Are phone votes a reliable barometer for talent?

Originally from Ranchi, 19-year-old Suvayan Nandi had in November sought phone votes for his green, clean energy innovation to win Mahindra’s Spark the Rise, an online contest for change-makers.

Alumnus of DAV-Hehal and JVM-Shyamali, now a second-year mechatronics student at Manipal Institute of Technology, Karnataka, Suvayan got only 1,109 votes and missed a grant of Rs 2 lakh as he fell short by nearly 400 votes.

The innovator from Lalpur Chowk had presented a technical yet engaging presentation on piezoelectric energy harvesting — converting mechanical strain into electric current or voltage — before an expert jury, including 1996 Nobel-winning physicist Douglas D. Osheroff.

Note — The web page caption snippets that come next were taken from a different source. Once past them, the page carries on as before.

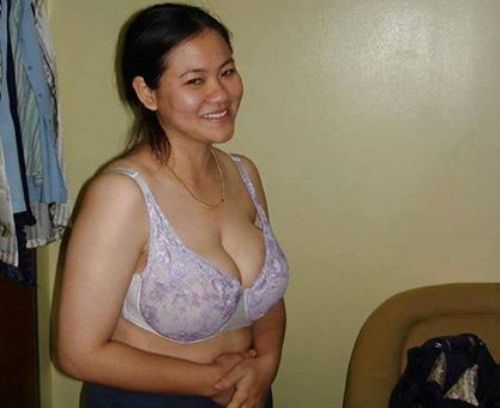 tukang urut perempuan di rumah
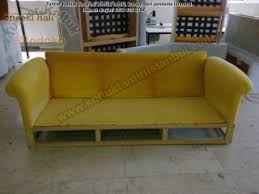 Üst yüzeyi zımparalanarak şekillendirilmiş olup alt yüzeyi polardır. Koltuk Deri Kaplama Koltuk Doseme Tamir Yenileme Istanbul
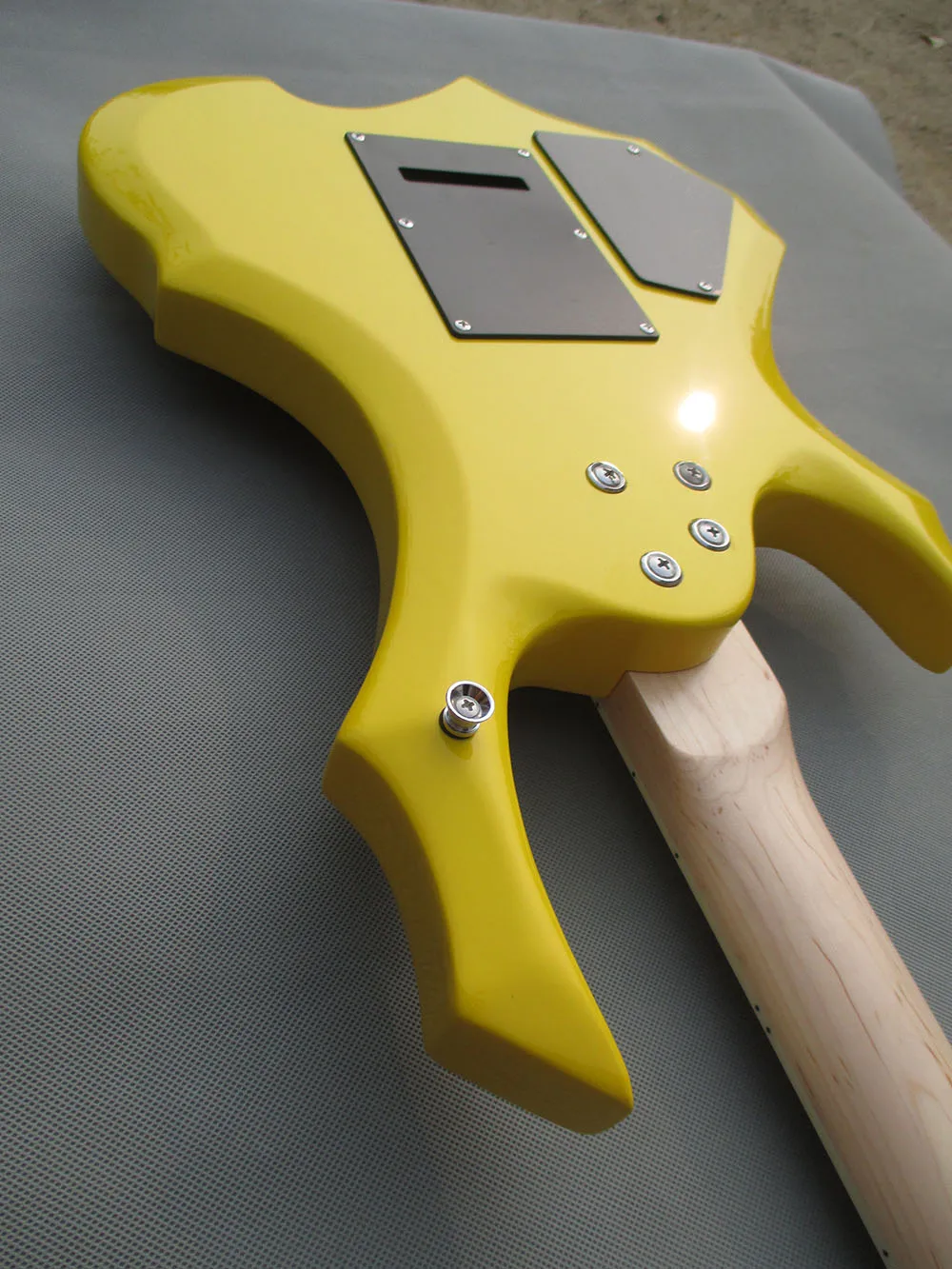 Oem acrylic full size adults musicman electric guitare 6 strings electric guitar made in china factory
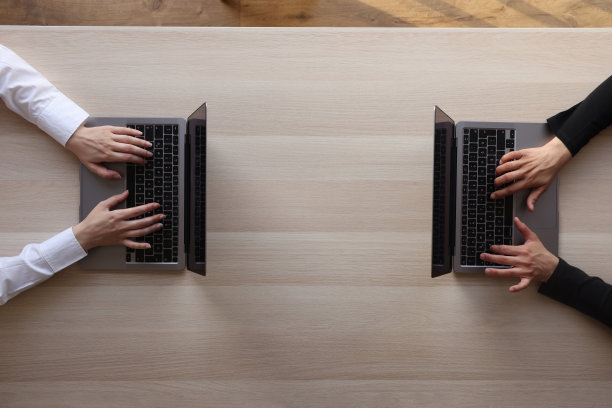 两个人用笔记本电脑在有拷贝空间的桌子上图片下载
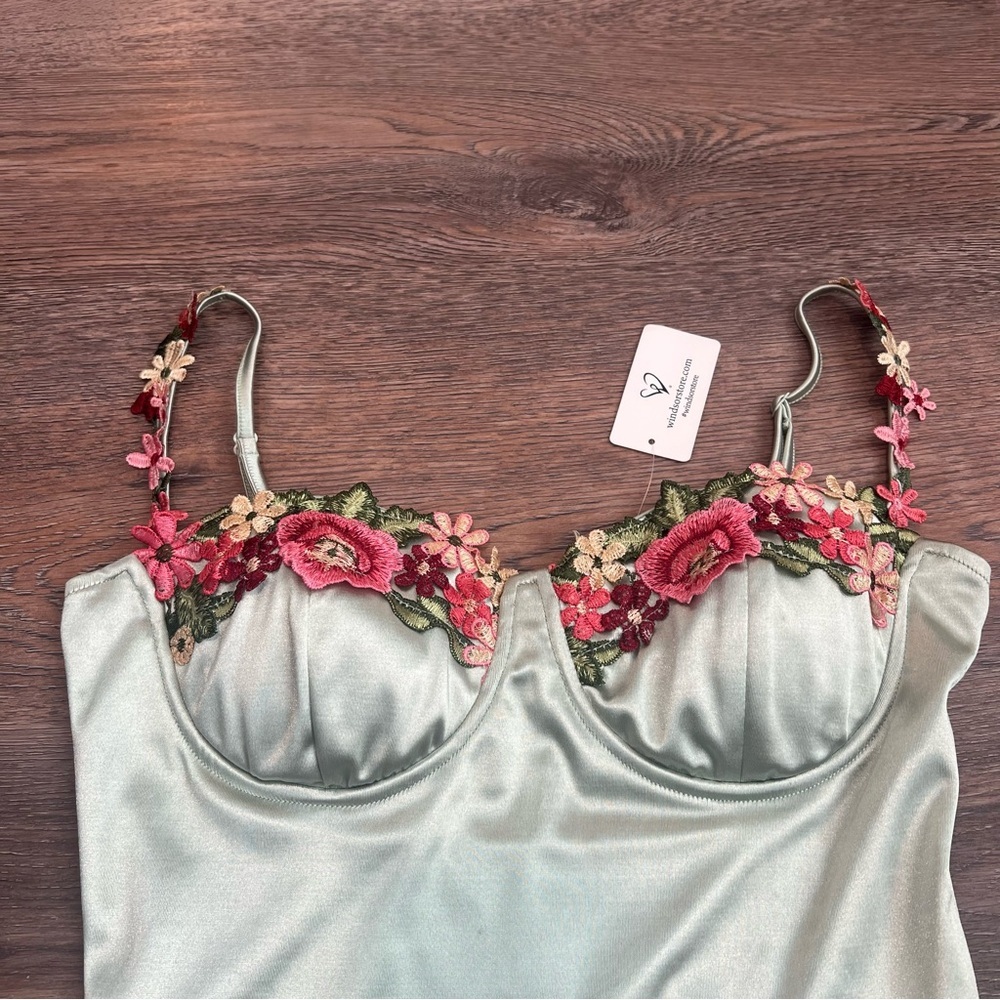 NWT Windsor Floral Satin Mini Dress Large Green Bodycon Sweetheart Embroidered - Picture 6 of 12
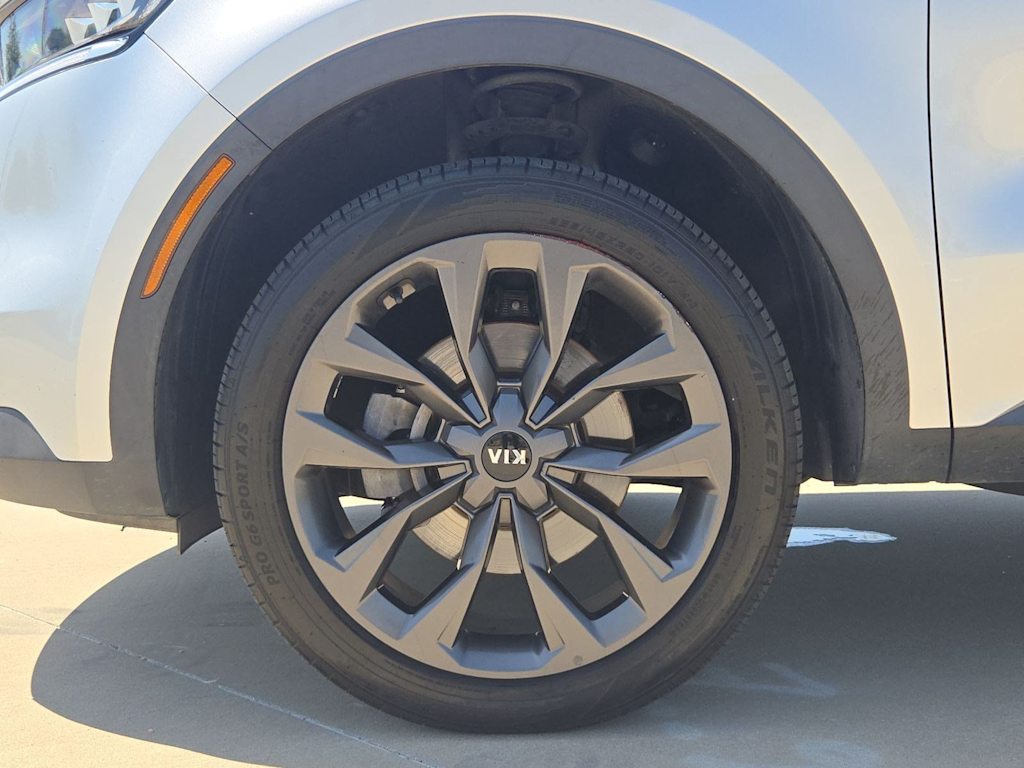 Thumbnail: 2021 Kia Sorento - 8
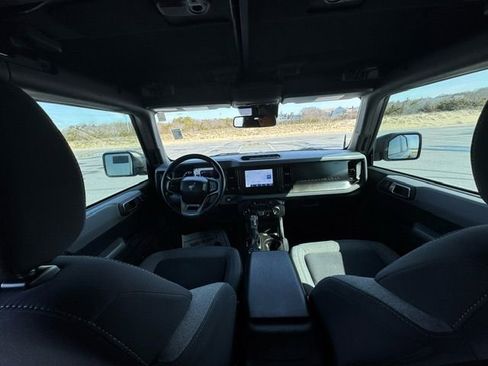 Used 2023 Ford Bronco Big Bend w/ Sasquatch Package image 12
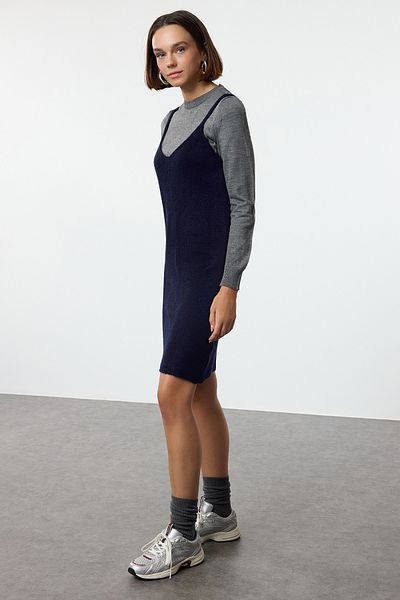 Trendyol Collection Sada svetrů a šatů z antracitové smyčky - Mini Twoaw25El00095 s měkkou texturou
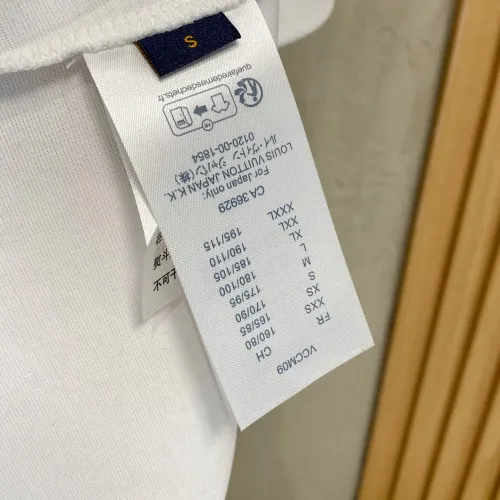Replica Louis Vuitton LV T-Shirts Short Sleeved For Unisex #1480346 $52.00 USD for Wholesale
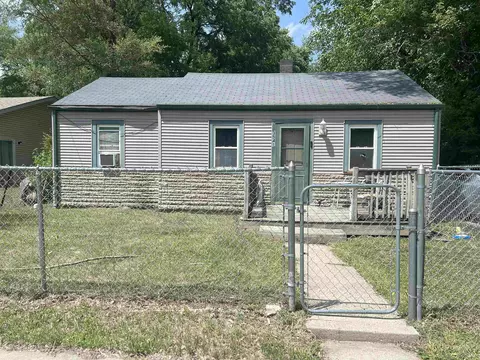 3541 Blackstone Ave, Rockford, IL 61101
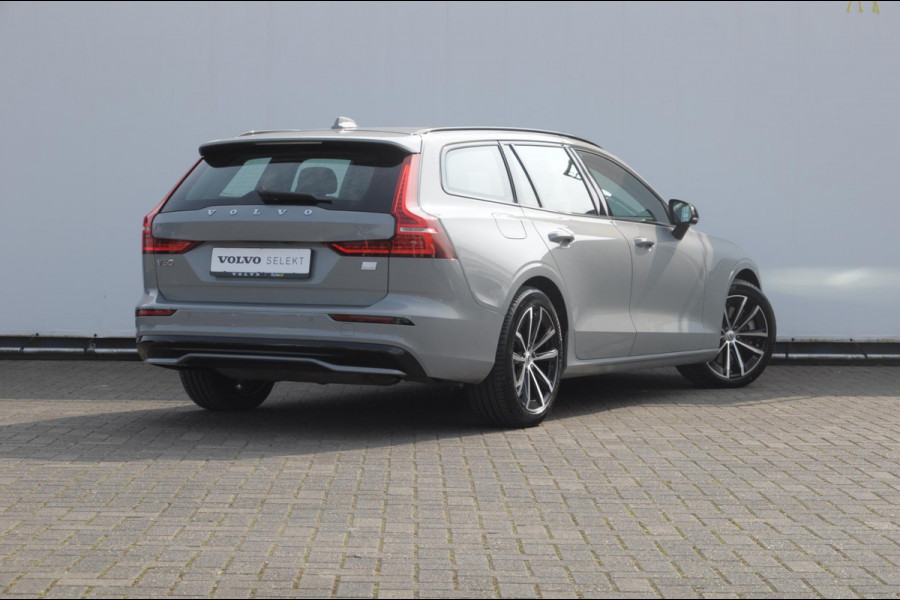 Volvo V60 T6 350PK Automaat Plus Dark / cruise control   / Apple carplay / Elektrische stoelen met geheugen / Parkeersensoren met camera / Elektrische achterklep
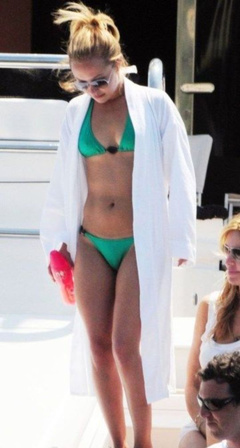 4. Hayden Panettiere – green bikini, 2009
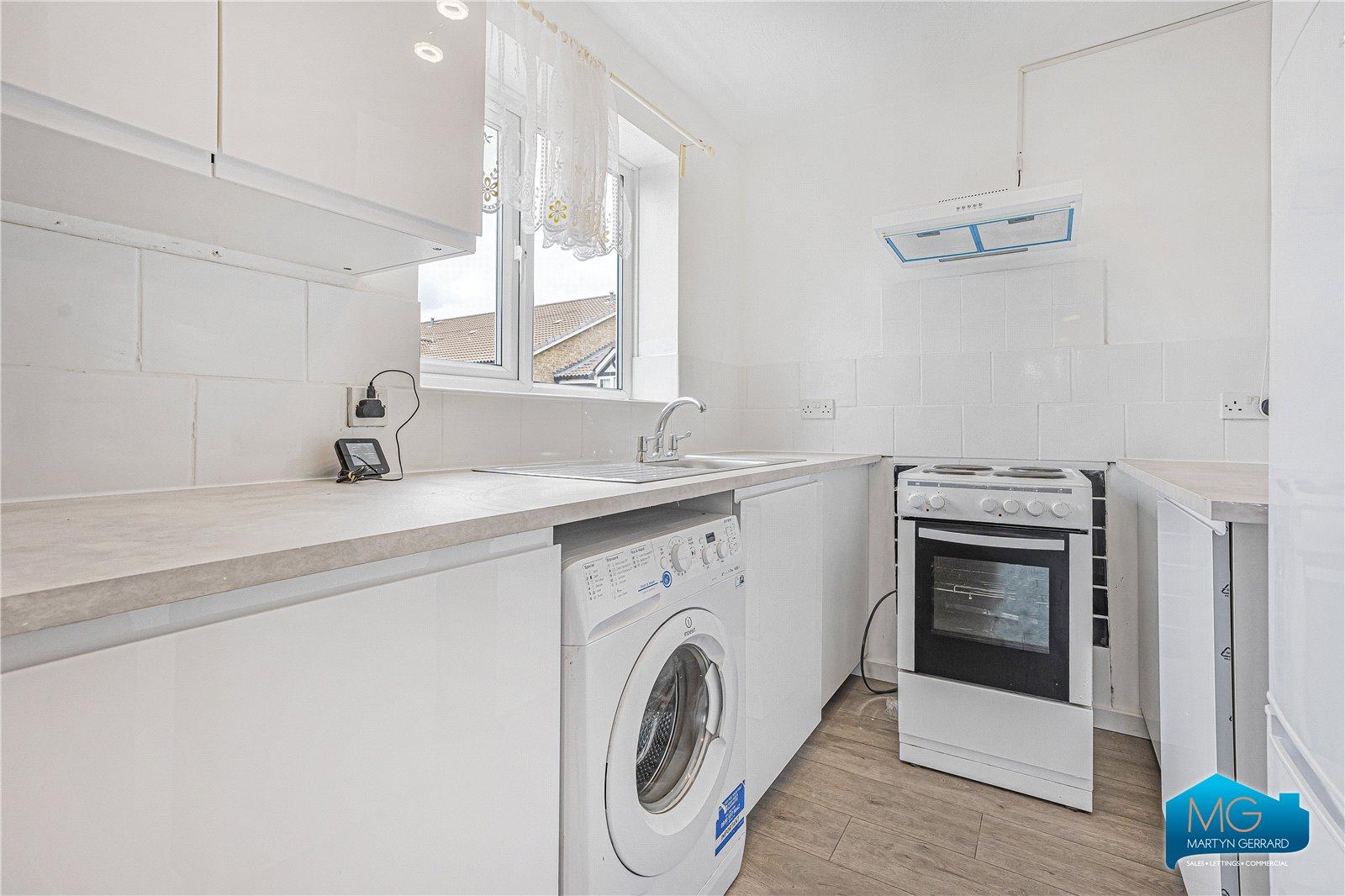 2 bedroom Apartment to rent - Martyn Gerrard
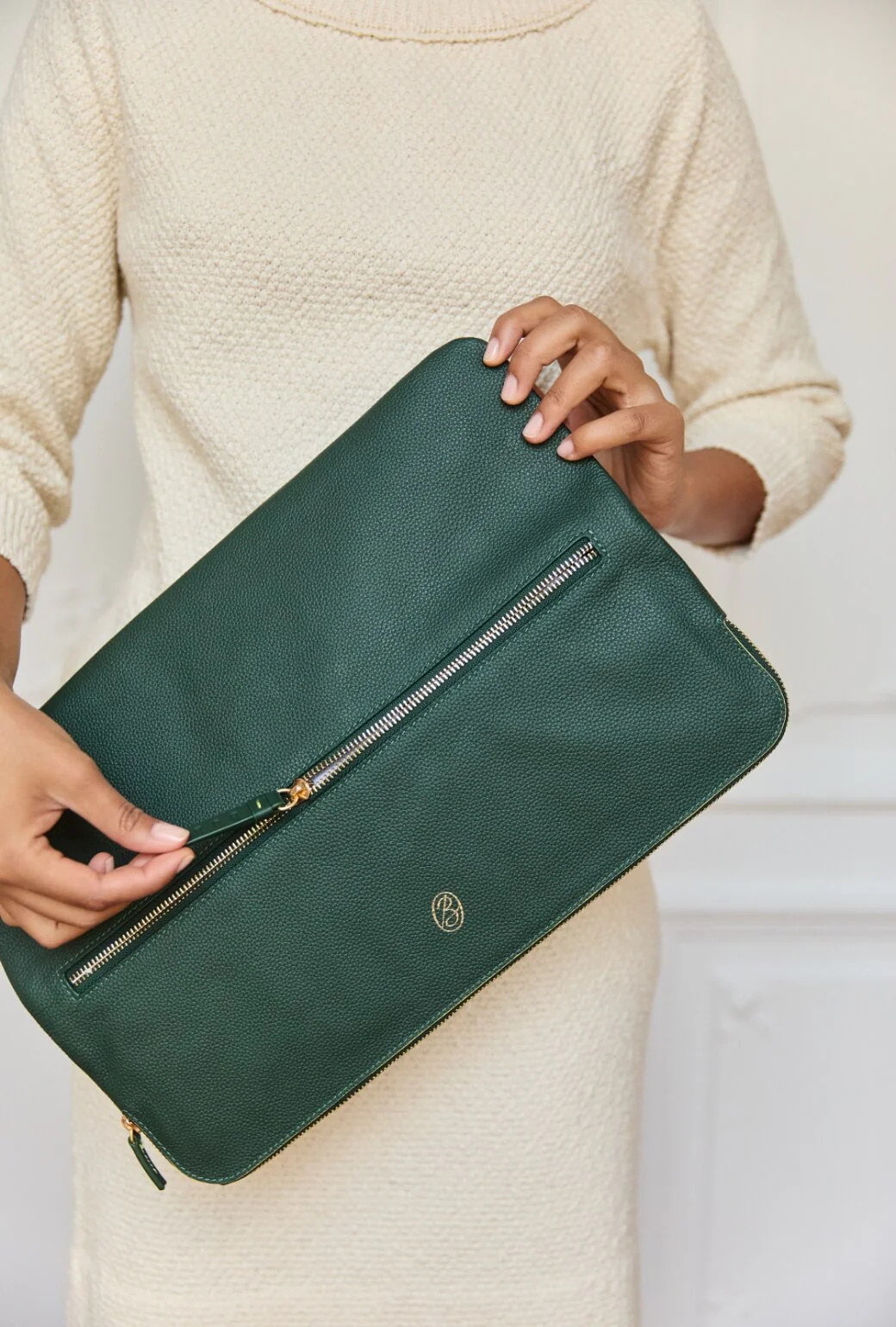 The East to West Clutch - Deep Green - BURU
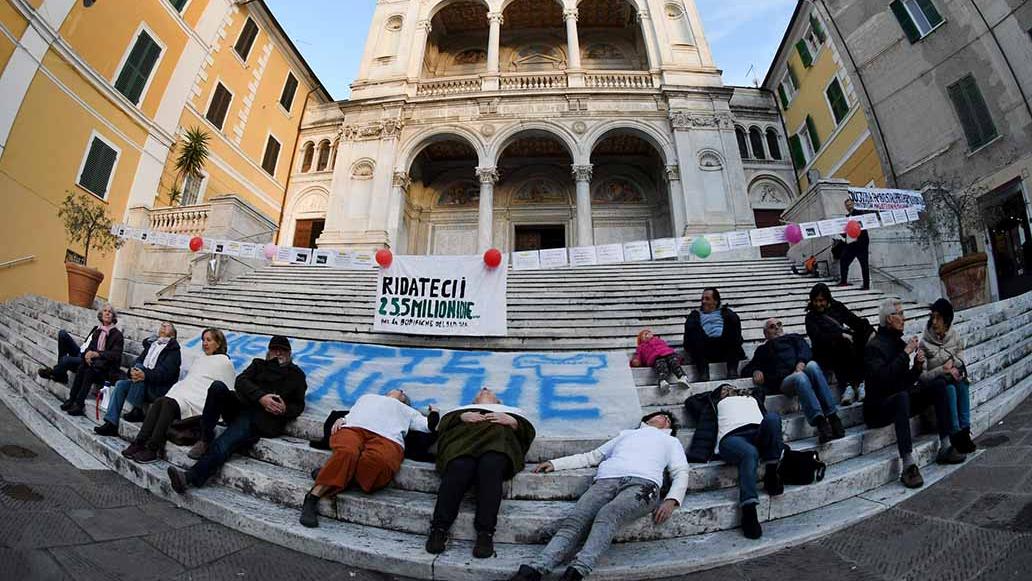 Le Magliette bianche manifestano: «Dovete bonificare questa terra dalle contaminazioni»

But his idea caught the antenna of two non-conventional energy firms, one from Chennai and the other from Kerala.

They’ve asked him to build a working model.

What Suvayan proposed was this.

If piezoelectric tiles are installed on the gates of Delhi station with a daily footfall of over four lakh, the vibrations will generate enough power for 10,500 tube lights to glow for 24 hours.

Basically, Suvayan wanted to leverage overcrowded India into powerful India.

“Four lakh footsteps on 270sqft of piezoelectric tiles generate 1,400KW power. Tiles cost Rs 1,500 per sqft,” he said.

Osheroff loved it. Phone voters didn’t share his enthusiasm. Industry interest helped Suvayan get over the vote debacle.

He has not given up on the voting talent platform either.

He and four friends from Manipal floated a grand idea for the Mahindra contest that got selected as the December “spark”.

“Cyborg spy beetle,” Suvayan said enthusiastically when asked about the new brainwave. “If we insert a 10gm micro-control recorder in a 10-cm African beetle, it can be a useful spy on enemy territory. The microchip will control the beetle’s flight. We’ll get to know data from inaccessible areas.”

Piezoelectric power harvesting is something that western scientists are mulling over. Suvayan had added his own pragmatic inputs to the idea.

But the African beetle with a light chip fitted on its brain is worthy of a spy thriller.

Phone voters will get a number soon. If James Bond could vote, he would have. And convinced M and all the M16 guys to chip in.